January thaw for Christmas?

Winter Solstice arrived at 3:20 am Saturday, local time. The dogs and I were there to greet the arrival of the season as we walked down the driveway so they could “take care of business” and I could enjoy a cup of coffee when we returned to the house. I think all three of us are looking  forward to longer, warmer days ahead. But first we’ll enjoy the Yule season and an early January thaw that starts on Christmas and is forecast to continue until 2025. Mother Nature’s Christmas presence?

We wish everyone, or at least the “good guys,” peace and joy now and through the coming year. I’d love to see everyone read, reread, and take to heart, the messages in The Boy, the Mole, the Fox and the Horse. It seems to me that could make for a year-round Christmas spirit without the cold and snow and commercialism.

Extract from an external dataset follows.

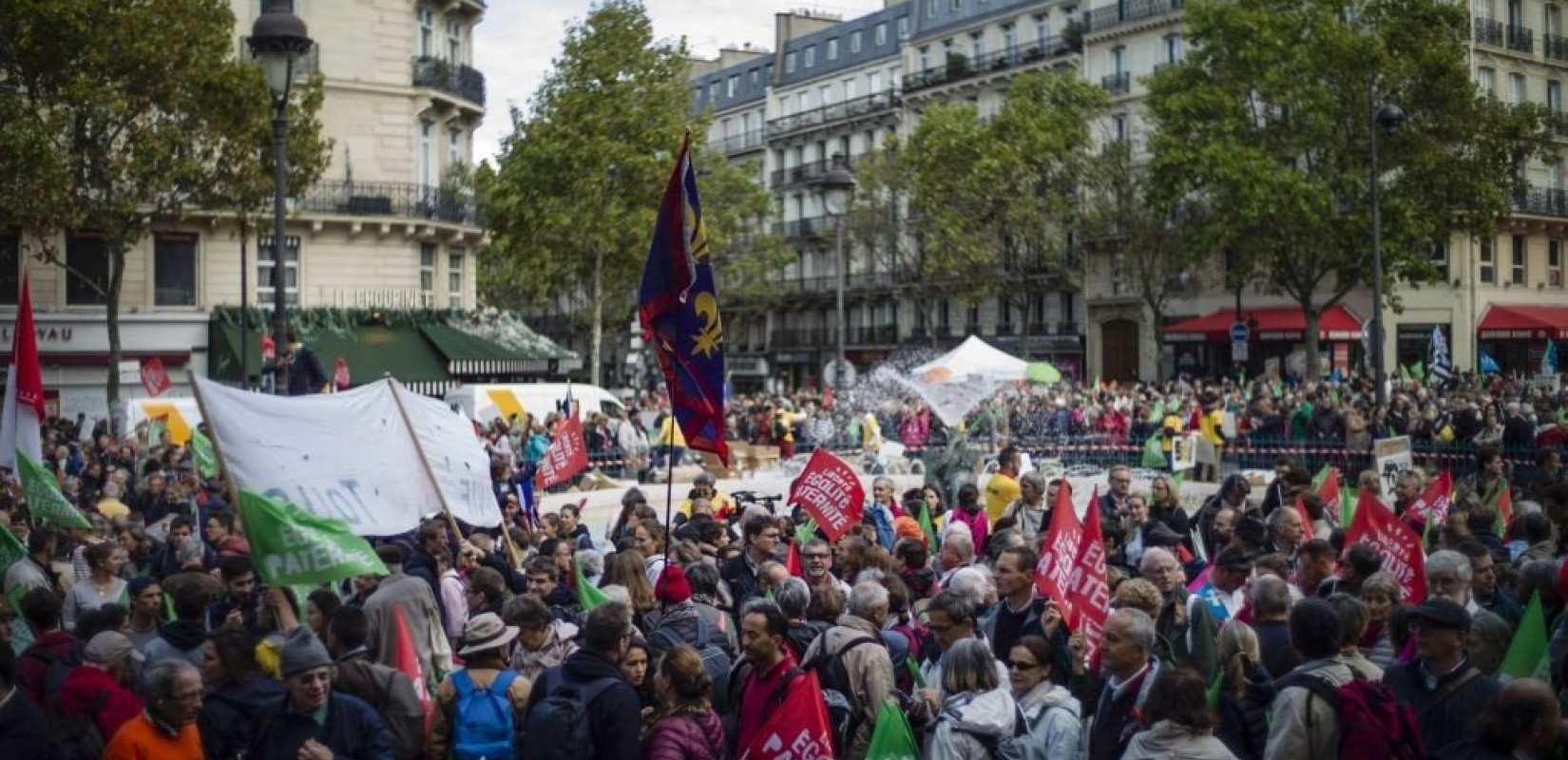Διαδήλωση κατά νομοσχεδίου που επιτρέπει την εξωσωματική σε λεσβίες και μοναχικές γυναίκες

my favorite Christmas tree ornament "Home is where your dog lives"
my favorite Christmas tree ornament
Photo by J. Harrington

SiSi, my aging yellow lab rescue dog, and I got an early present. Last week she could barely walk, her hips hurt so much. It seemed to come on suddenly. The Daughter Person offered some pain pills one of their dogs didn’t need. That, followed by a call to our vet for a regular prescription, has SiSi walking about as well as I do these days. We are both very grateful for the assistance and the outcome.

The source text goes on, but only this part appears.